> Aim of the task
Which lines in the records below contain the word "side"? Copy each one out.

Caption-style text data:
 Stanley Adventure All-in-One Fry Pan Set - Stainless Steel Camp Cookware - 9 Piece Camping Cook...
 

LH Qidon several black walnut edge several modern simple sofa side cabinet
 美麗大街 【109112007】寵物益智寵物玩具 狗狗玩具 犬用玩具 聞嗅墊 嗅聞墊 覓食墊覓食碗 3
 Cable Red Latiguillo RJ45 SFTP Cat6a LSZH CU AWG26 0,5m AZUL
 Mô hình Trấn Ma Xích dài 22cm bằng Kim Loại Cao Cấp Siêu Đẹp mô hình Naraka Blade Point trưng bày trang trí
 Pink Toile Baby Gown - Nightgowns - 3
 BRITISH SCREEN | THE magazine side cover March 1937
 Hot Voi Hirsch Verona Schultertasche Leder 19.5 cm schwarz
---
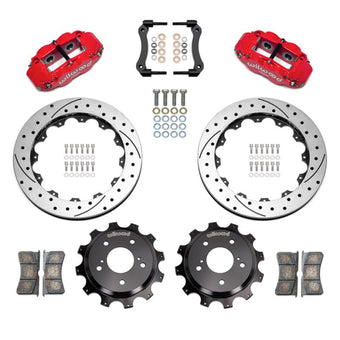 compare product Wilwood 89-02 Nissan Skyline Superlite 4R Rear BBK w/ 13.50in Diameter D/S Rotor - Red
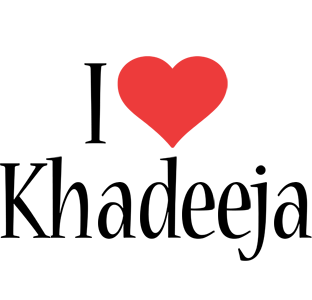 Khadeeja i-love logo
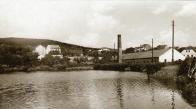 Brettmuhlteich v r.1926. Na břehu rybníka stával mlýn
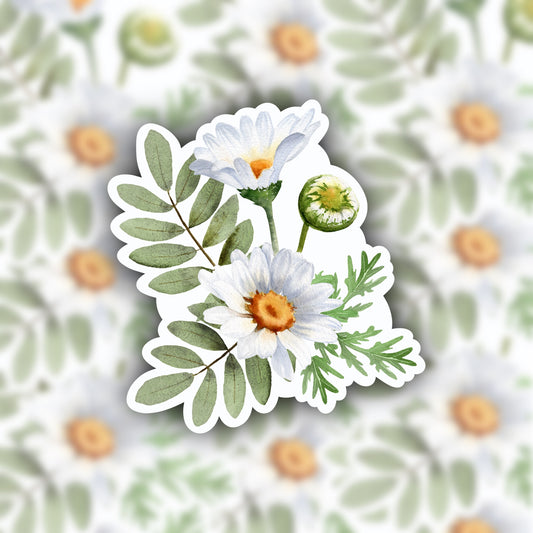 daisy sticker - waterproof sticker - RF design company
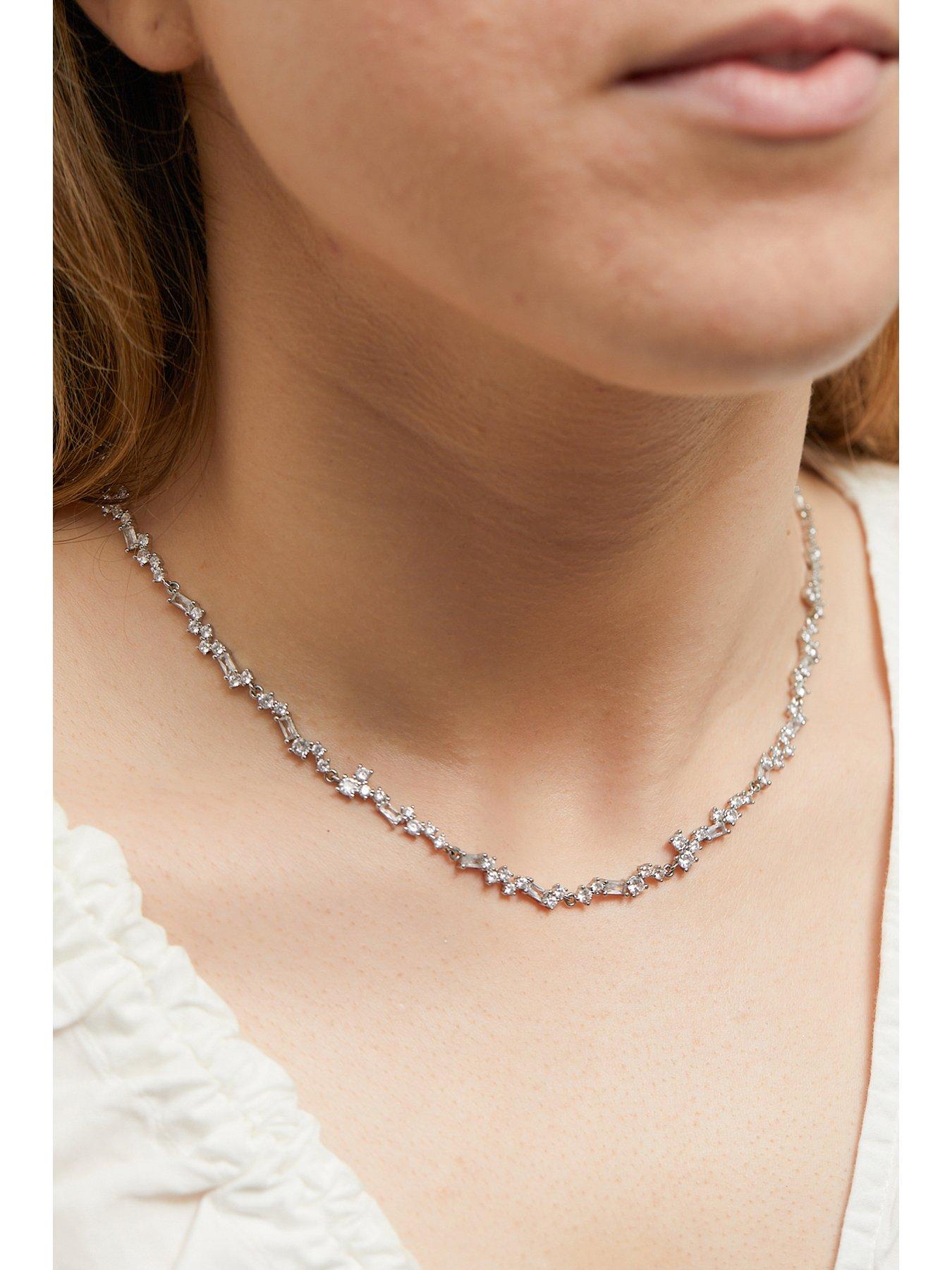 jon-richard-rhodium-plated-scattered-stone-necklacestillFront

> Task response
LH Qidon several black walnut edge several modern simple sofa side cabinet
 BRITISH SCREEN | THE magazine side cover March 1937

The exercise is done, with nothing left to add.